In November 2017, the site was still being discussed as part of a mixed-use development that would preserve parts of the historical property while infringing on other attributes of it, like a two-acre lake that would be reduced in size. It then came to light that the Upper Dublin Planning Commission "gave the green light for a large portion of the estate to be developed by the Goldenberg Group, which partnered with Guidi Homes to build 104 new carriage house- and villa-inspired homes" on the property.

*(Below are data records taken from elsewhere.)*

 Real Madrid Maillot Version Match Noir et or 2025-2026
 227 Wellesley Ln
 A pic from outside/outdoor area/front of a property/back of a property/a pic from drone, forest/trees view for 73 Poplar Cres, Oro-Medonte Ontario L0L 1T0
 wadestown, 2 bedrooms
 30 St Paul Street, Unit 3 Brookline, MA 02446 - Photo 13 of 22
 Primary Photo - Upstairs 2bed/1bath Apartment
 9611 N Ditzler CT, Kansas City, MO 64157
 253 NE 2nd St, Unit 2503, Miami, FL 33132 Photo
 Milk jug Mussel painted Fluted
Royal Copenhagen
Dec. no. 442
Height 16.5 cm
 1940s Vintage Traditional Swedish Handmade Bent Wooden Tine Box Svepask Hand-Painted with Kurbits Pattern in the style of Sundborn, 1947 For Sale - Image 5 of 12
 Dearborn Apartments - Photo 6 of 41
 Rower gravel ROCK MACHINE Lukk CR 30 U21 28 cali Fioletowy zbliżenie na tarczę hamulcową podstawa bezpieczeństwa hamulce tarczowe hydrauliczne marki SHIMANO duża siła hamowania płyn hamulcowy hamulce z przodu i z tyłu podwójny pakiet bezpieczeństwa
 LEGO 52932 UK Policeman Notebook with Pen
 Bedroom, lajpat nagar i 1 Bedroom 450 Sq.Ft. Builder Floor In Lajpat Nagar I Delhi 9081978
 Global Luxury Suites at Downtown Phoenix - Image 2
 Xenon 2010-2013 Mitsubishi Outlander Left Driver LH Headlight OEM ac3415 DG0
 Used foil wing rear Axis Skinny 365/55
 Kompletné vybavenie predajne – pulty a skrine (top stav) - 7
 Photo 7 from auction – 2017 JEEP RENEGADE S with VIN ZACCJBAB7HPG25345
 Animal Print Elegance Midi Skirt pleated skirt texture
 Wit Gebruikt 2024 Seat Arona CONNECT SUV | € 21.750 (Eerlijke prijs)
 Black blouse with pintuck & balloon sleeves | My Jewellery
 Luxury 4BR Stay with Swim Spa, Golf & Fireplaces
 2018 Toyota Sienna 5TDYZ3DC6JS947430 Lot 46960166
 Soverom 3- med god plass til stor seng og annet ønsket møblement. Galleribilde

Poncia then sold another portion of the property to a joint venture with the intention to build a luxury senior-living complex. The complex was proposed to include "independent living, assisted living, and a memory unit" with "an indoor pool, fitness center, yoga studio, two movie theaters, a dog wash and dog run, art studio, multiple indoor and outdoor dining venues, bars and lounges, barbecue grills, fire pits, and a putting green."

On January 16, 2019, and made effective January 25, 2019, the Lindenwold Residential Associates LLC, a limited-liability company, became legally bound to uphold the terms of a deed of preservation easement granted to the Preservation Alliance for Greater Philadelphia, a not-for-profit "qualified conservation organization," which would be, in effect, the body charged with stewardship over the historic property. Citizens continued to raise concerns about the property's fate, with concerns including increased traffic, the degradation of the historic estate's landscaping, the reduction of the estate's lake, the ruination of the gardens, and the creation of a dam on the property.

The Goldenberg Group "promis[ed] to plant 1,600 new trees; over 2,400 shrubs; and 400 ornamental grasses with 3,000 perennials," but it was unclear whether the promises would be fulfilled as "bulldozers began tearing into the grounds" in March 2019, though the terms of the deed of preservation easement contained stipulations involving the preservation of architectural as well as open space.
The same month, more details emerged about the new construction, including that the senior-living facility would include "156 independent living units, 62 assisted living units and 32 memory care units."

In 2024, the castle was put up for sealed-bid auction, with a starting bid of $1.5 million. It was appraised for $1.9 million in 2022.

Approved for residential units and office spaces, Lindenwold Castle was still up for auction in 2025 at a starting price of $1.5 million.